** Directions **
Go to the line containing "(사진3)경의ᄉ" in the material below. From there to the end, retype every line exactly and drop the pictures.

** Given data **
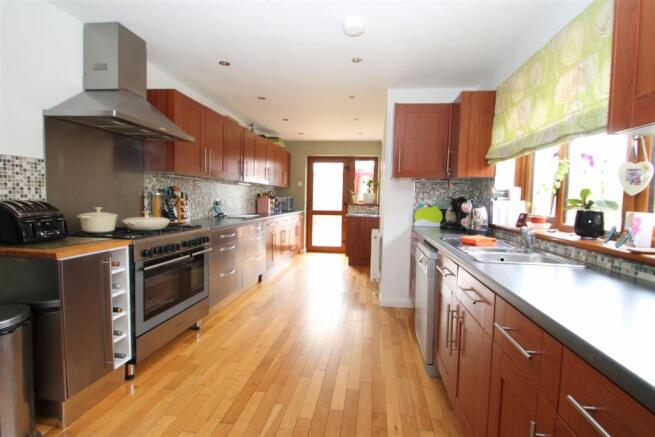 Kitchen 1.jpg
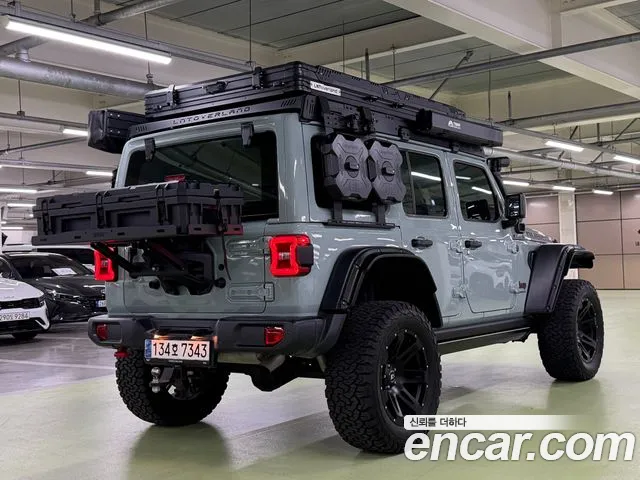 Jeep Wrangler 2024 thumb 4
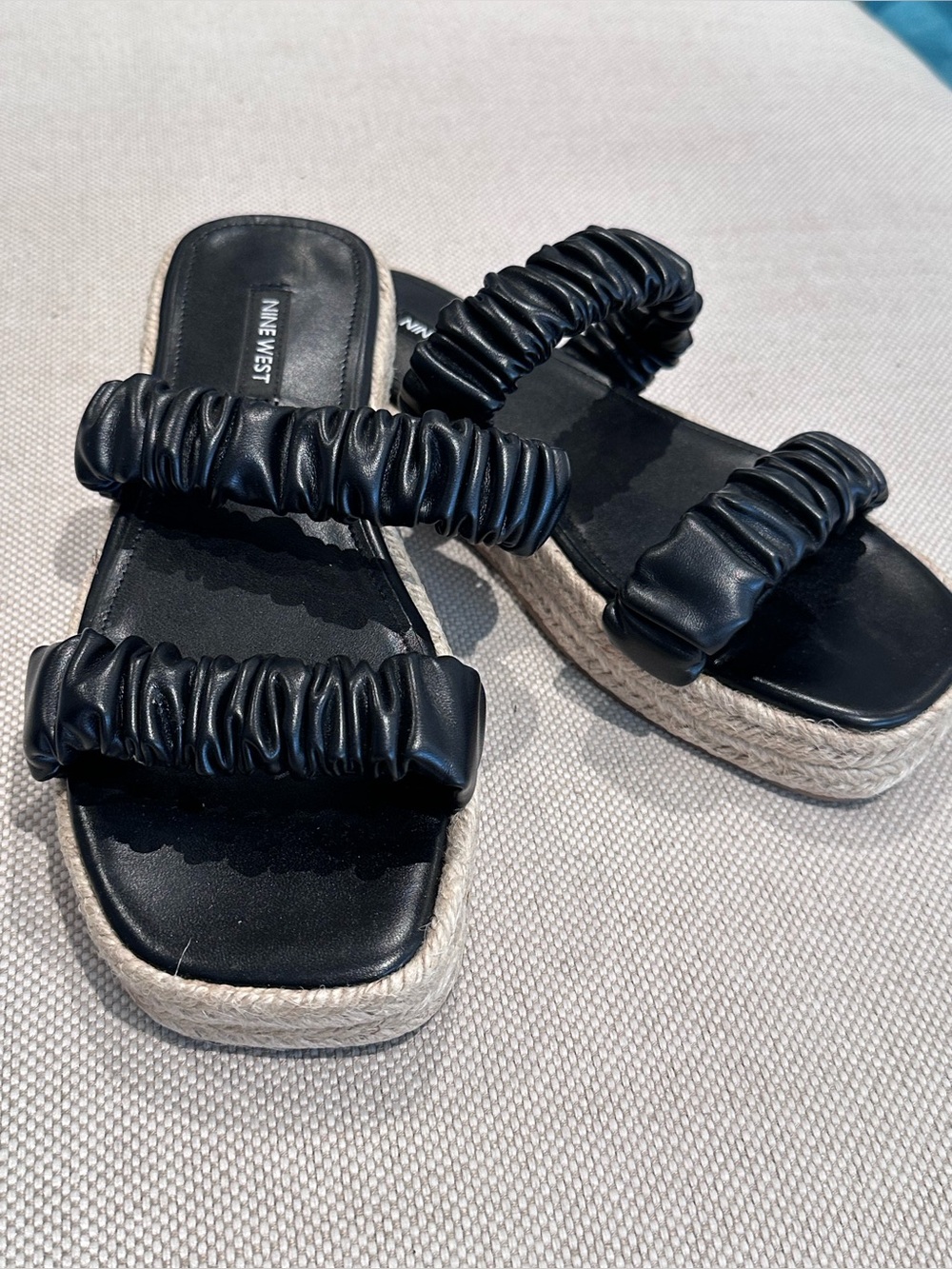 NINE WEST size 8 Black Ruched Slip-On Sandals NEW Sold out from Macy's $69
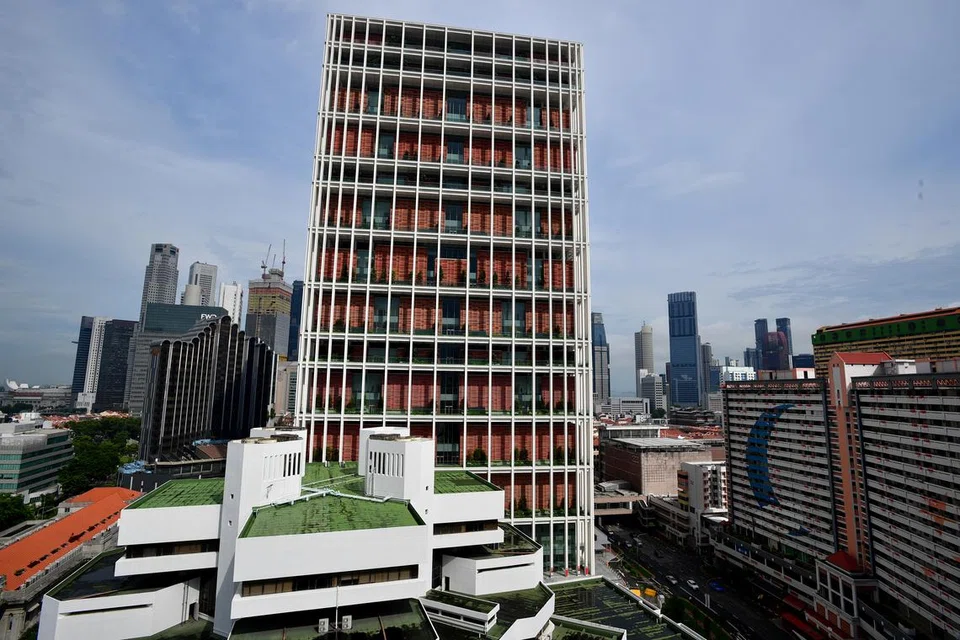 BANGUNAN BARU: Bangunan Menara Mahkamah Negara setinggi 35 tingkat di 1 Havelock Square itu menawarkan 53 bilik pengadilan, dan 54 kamar pembicaraan dan adalah bangunan pemerintah tertinggi di Singapura.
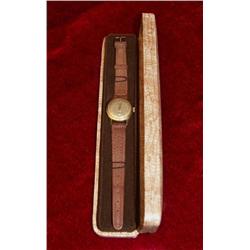 Nice Wristwatch for Ladies, gold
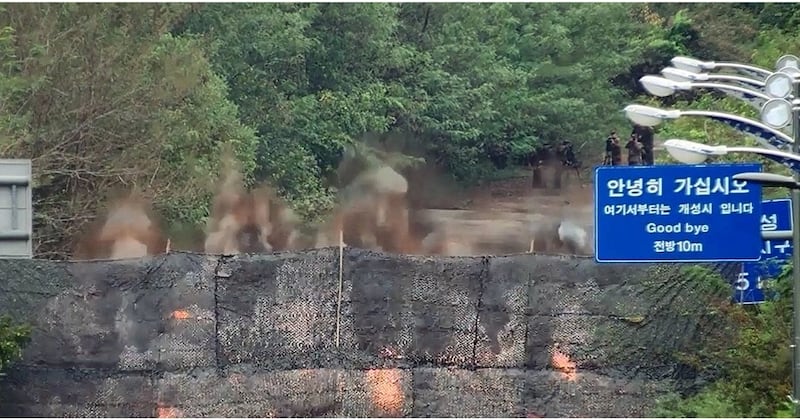 (사진3)경의선도로폭파장면_연합.jpg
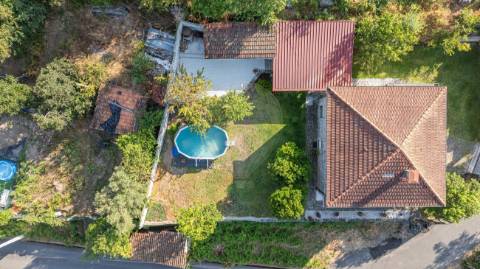 Moradia T4 para venda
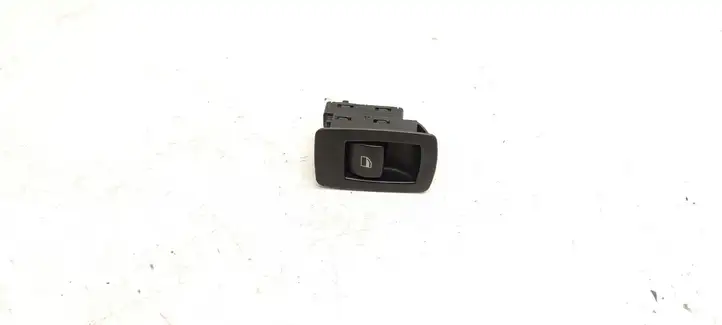 BMW 5 E60 E61 (2004 - 2010) 9113773 Кнопка стеклоподъемников — фото 1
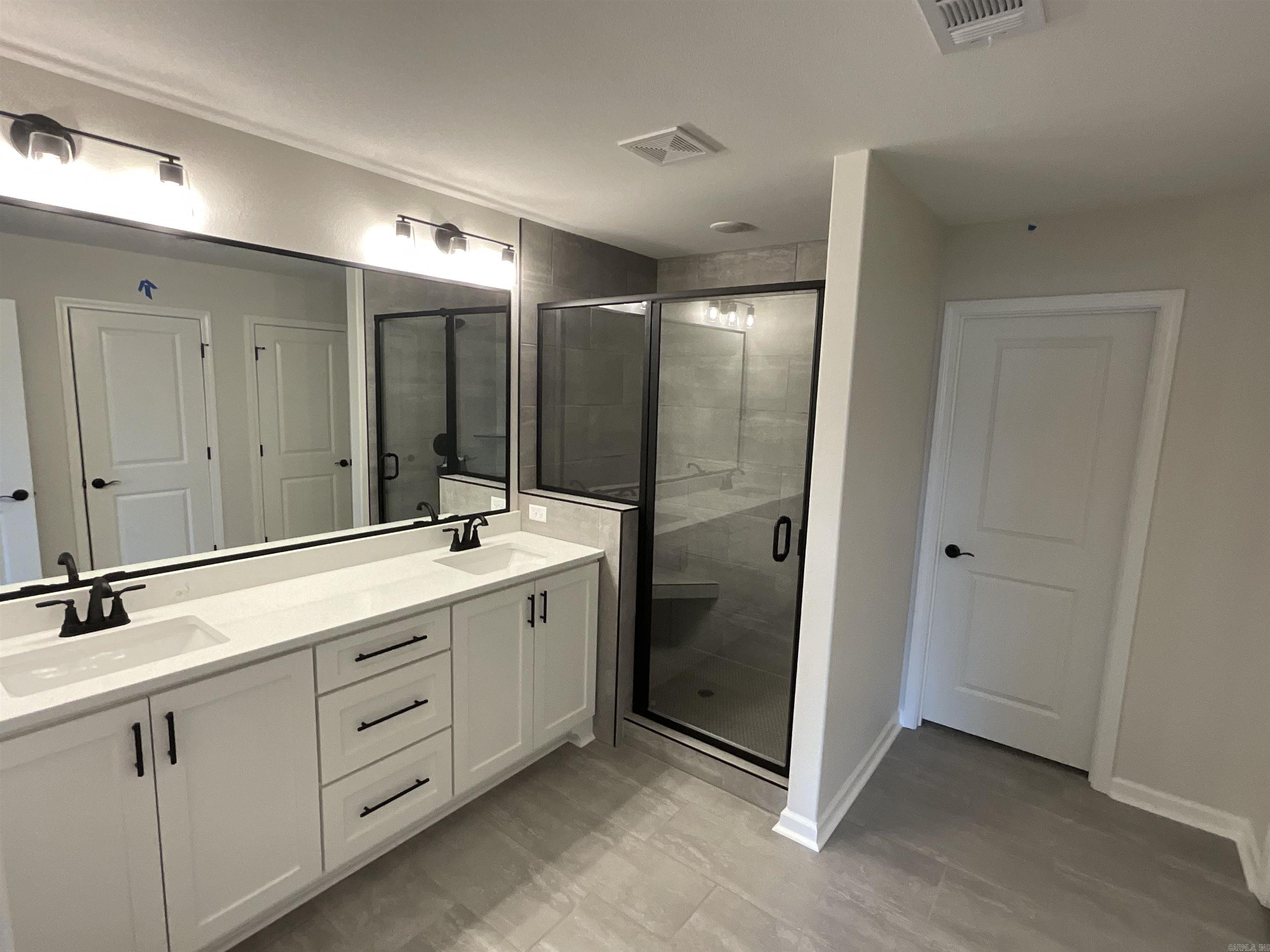 Lombard Heights - Residential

** Output below **
 (사진3)경의선도로폭파장면_연합.jpg
 Moradia T4 para venda
 BMW 5 E60 E61 (2004 - 2010) 9113773 Кнопка стеклоподъемников — фото 1
 Lombard Heights - Residential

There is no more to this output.